▶ **INSTRUCTIONS TO FOLLOW**:
Reproduce the listing that follows character for character, excluding its pictures.

▶ **DATA SHOWN**:
- - - - -

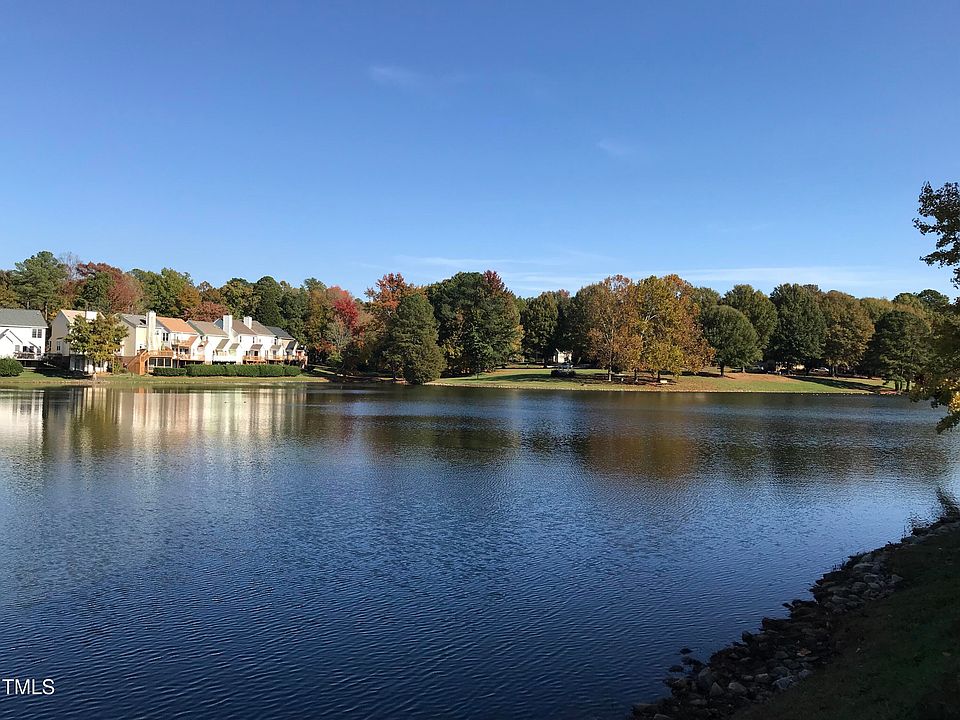 1st image of 521 Springfork Dr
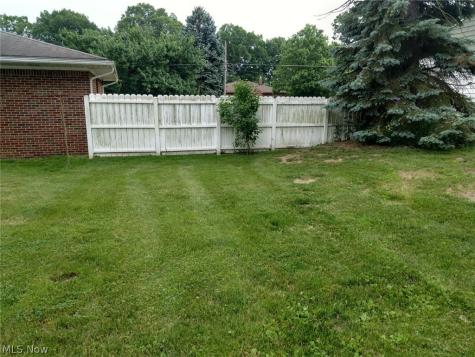 1522 Campbell Street Cuyahoga Falls OH 44223
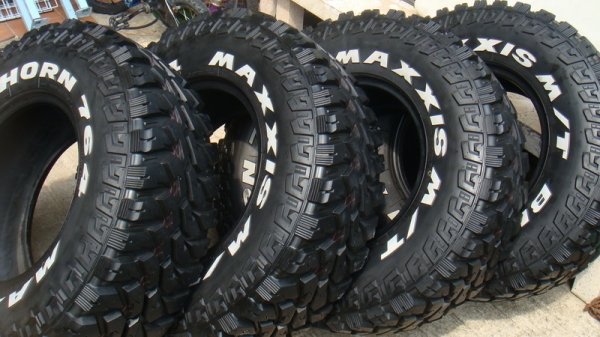 ขายยาง Mud Maxxis 764 ขนาด 31 10.5 r15 ปี11 สวยๆ ขายยาง Mud Maxxis 764 ขนาด 31 10.5 r15 ปี11 สวยๆ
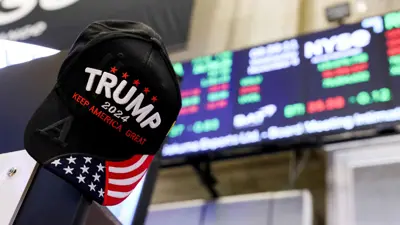 قبعة تحمل شعار دعم الجمهوري دونالد ترامب معروضة في بورصة نيويورك للأوراق المالية (NYSE) في مدينة نيويورك، الولايات المتحدة، عقب فوزه في الانتخابات الرئاسية الأميركية، 6 نوفمبر 2024.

- - - - -

▶ **PROBLEM SOLUTION**:
 1st image of 521 Springfork Dr
 1522 Campbell Street Cuyahoga Falls OH 44223
 ขายยาง Mud Maxxis 764 ขนาด 31 10.5 r15 ปี11 สวยๆ ขายยาง Mud Maxxis 764 ขนาด 31 10.5 r15 ปี11 สวยๆ
 قبعة تحمل شعار دعم الجمهوري دونالد ترامب معروضة في بورصة نيويورك للأوراق المالية (NYSE) في مدينة نيويورك، الولايات المتحدة، عقب فوزه في الانتخابات الرئاسية الأميركية، 6 نوفمبر 2024.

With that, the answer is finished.